A faithful copy of the data below is required, leaving out every picture.

*** Data extracts ***

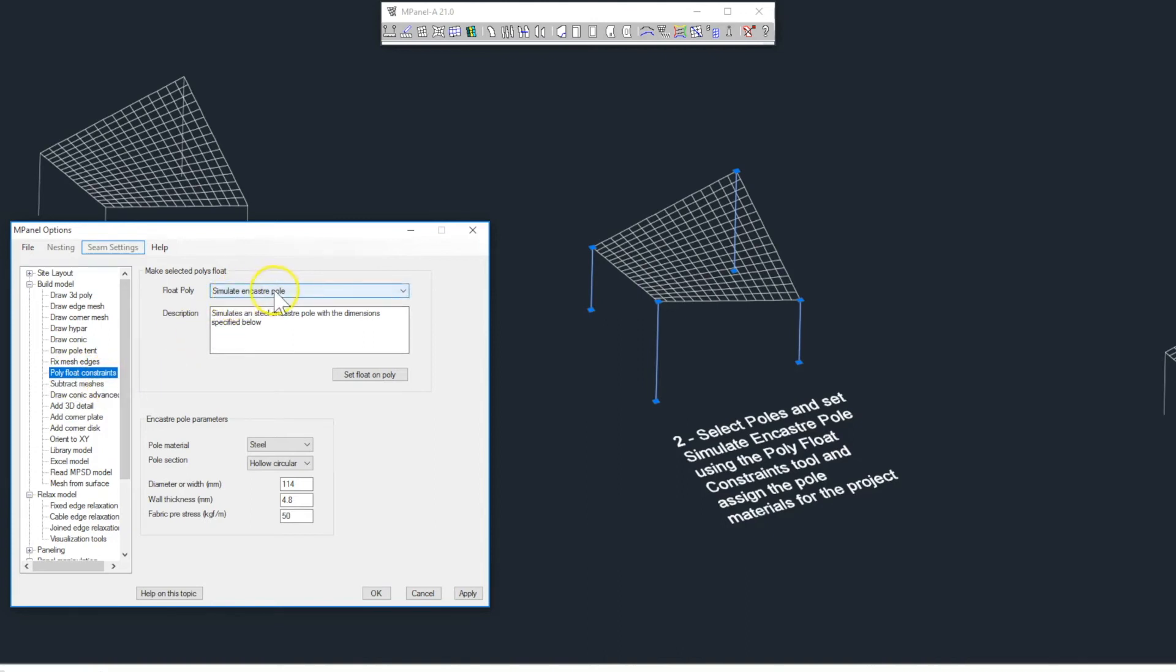We then enter the pole material, the size, or OD, of the pole, the wall thickness, and the fabric pre-stress for the project.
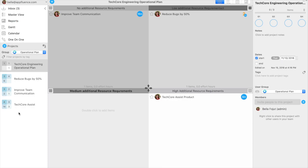An operational plan takes strategic goals and demonstrates how to accomplish these goals with projects. As an example, in the image above, the engineering operational plan has three items so far.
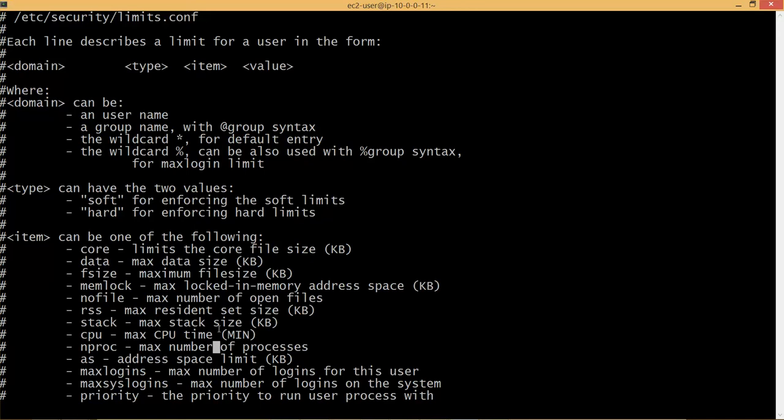For all the users that will be created as part of the Hadoop setup. Those users will not be created by us. Those users will be created by Ambari, which is monitoring and setup tool for Hortonworks. By updating this file as part of the prerequisites, whenever Ambari creates those users, the security limits will increase for both number of files and number of process.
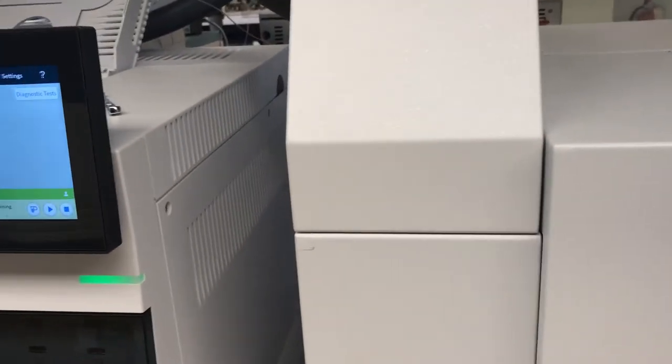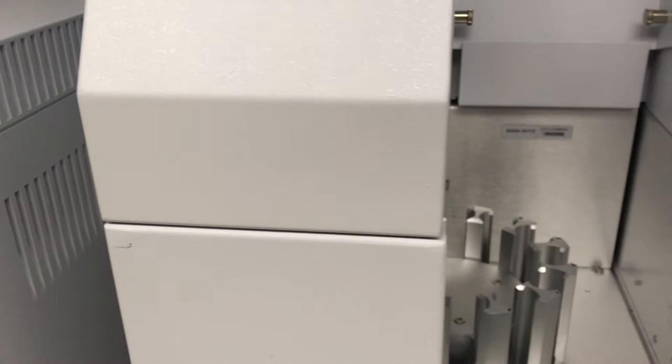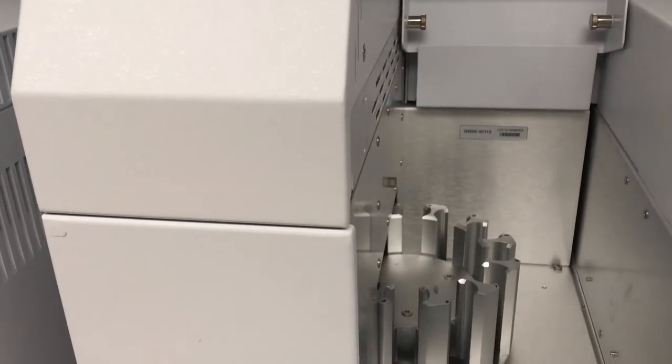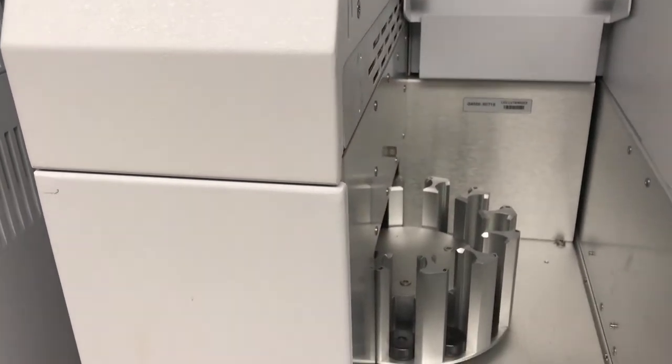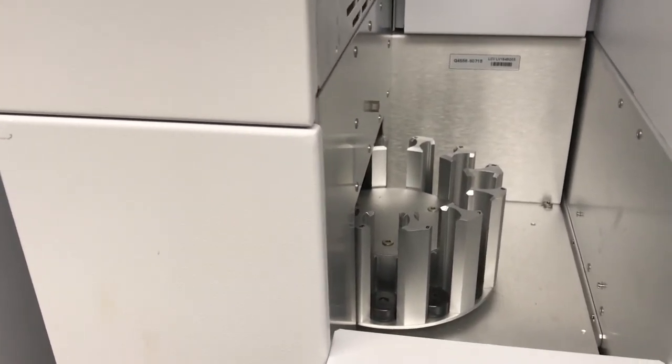So to put the vials in the autosampler, simply find the position that you want to put it in.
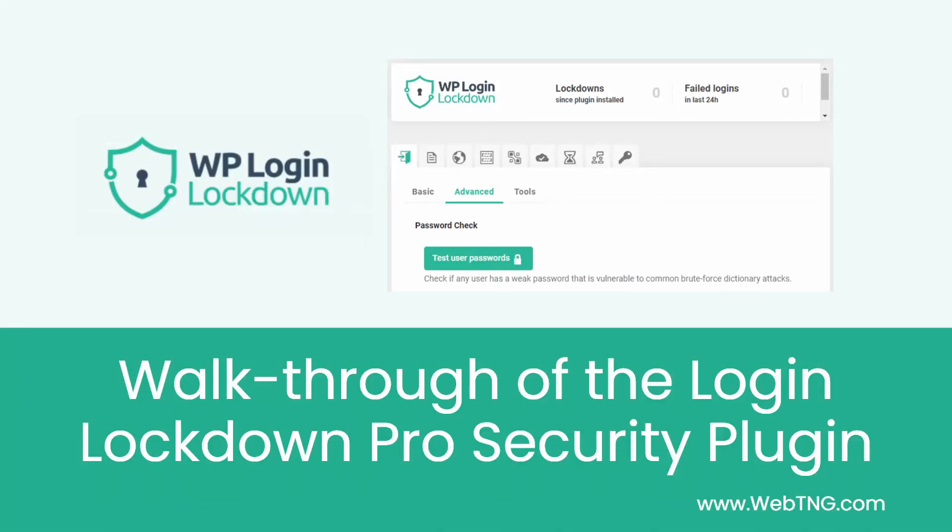Hi, this is David McCann for WebTNG. In this video, I'm taking a look at the pro version of the Login Lockdown security plugin.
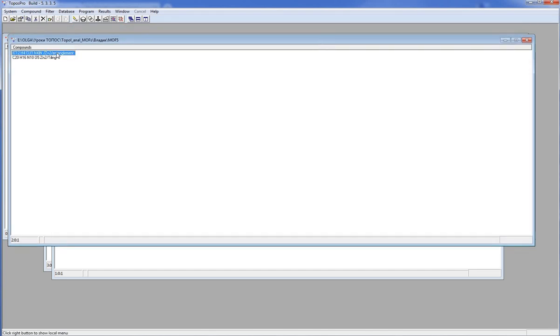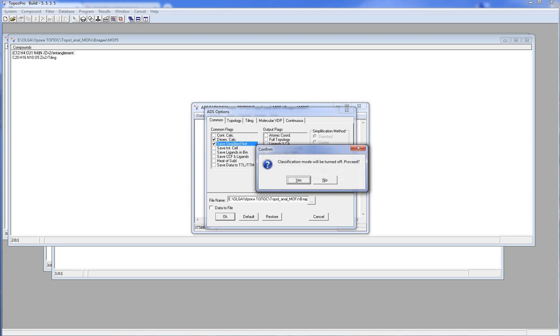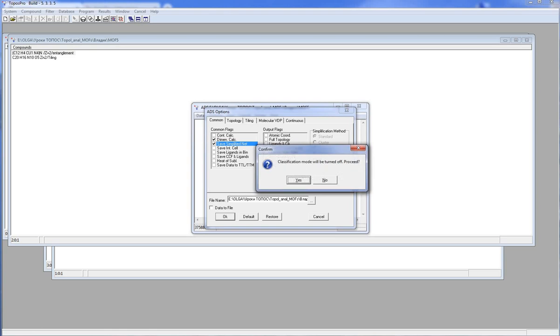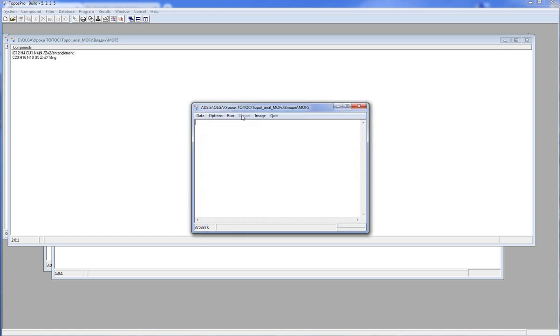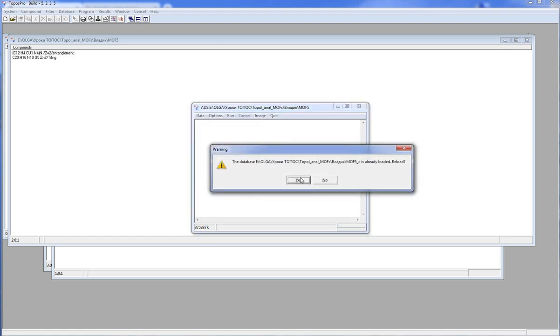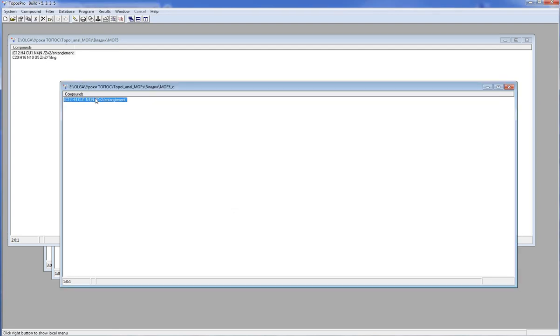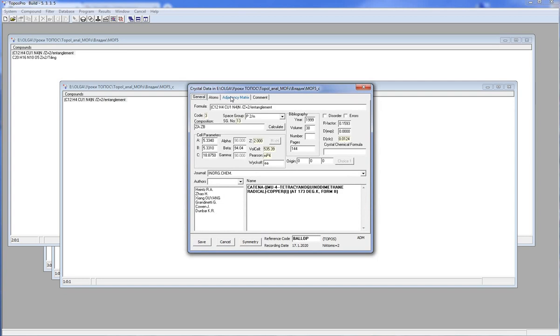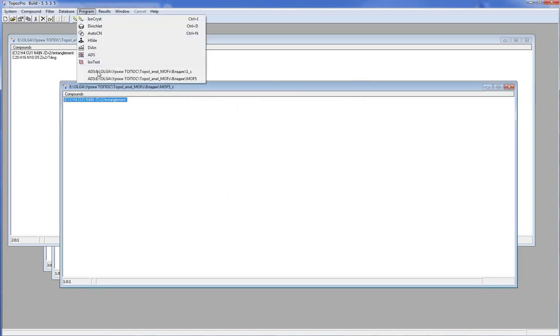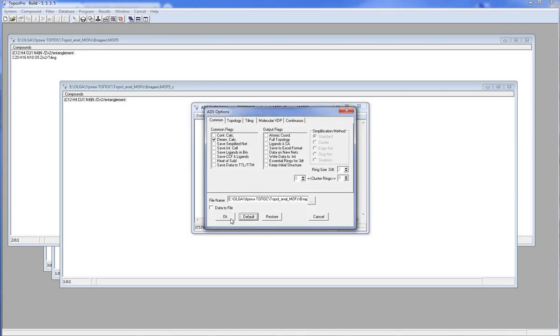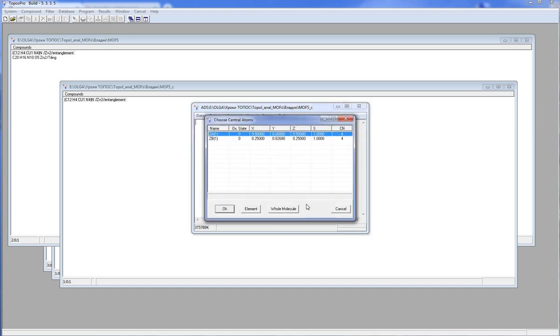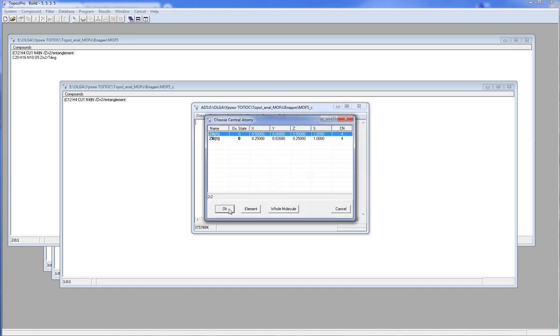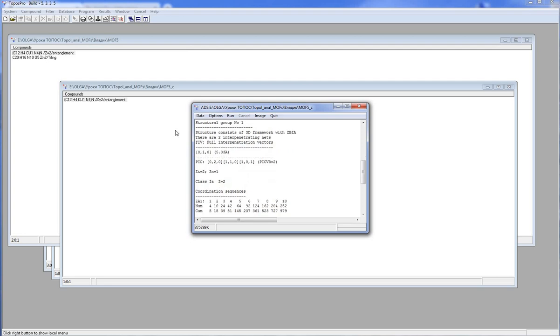Topos Pro also enables you to find interpenetrations in the MOF structure. To do it, you should simplify the structure and classify the underlying net.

*** End of Data extracts ***

Response
We then enter the pole material, the size, or OD, of the pole, the wall thickness, and the fabric pre-stress for the project.
An operational plan takes strategic goals and demonstrates how to accomplish these goals with projects. As an example, in the image above, the engineering operational plan has three items so far.
For all the users that will be created as part of the Hadoop setup. Those users will not be created by us. Those users will be created by Ambari, which is monitoring and setup tool for Hortonworks. By updating this file as part of the prerequisites, whenever Ambari creates those users, the security limits will increase for both number of files and number of process.
So to put the vials in the autosampler, simply find the position that you want to put it in.
Hi, this is David McCann for WebTNG. In this video, I'm taking a look at the pro version of the Login Lockdown security plugin.
Topos Pro also enables you to find interpenetrations in the MOF structure. To do it, you should simplify the structure and classify the underlying net.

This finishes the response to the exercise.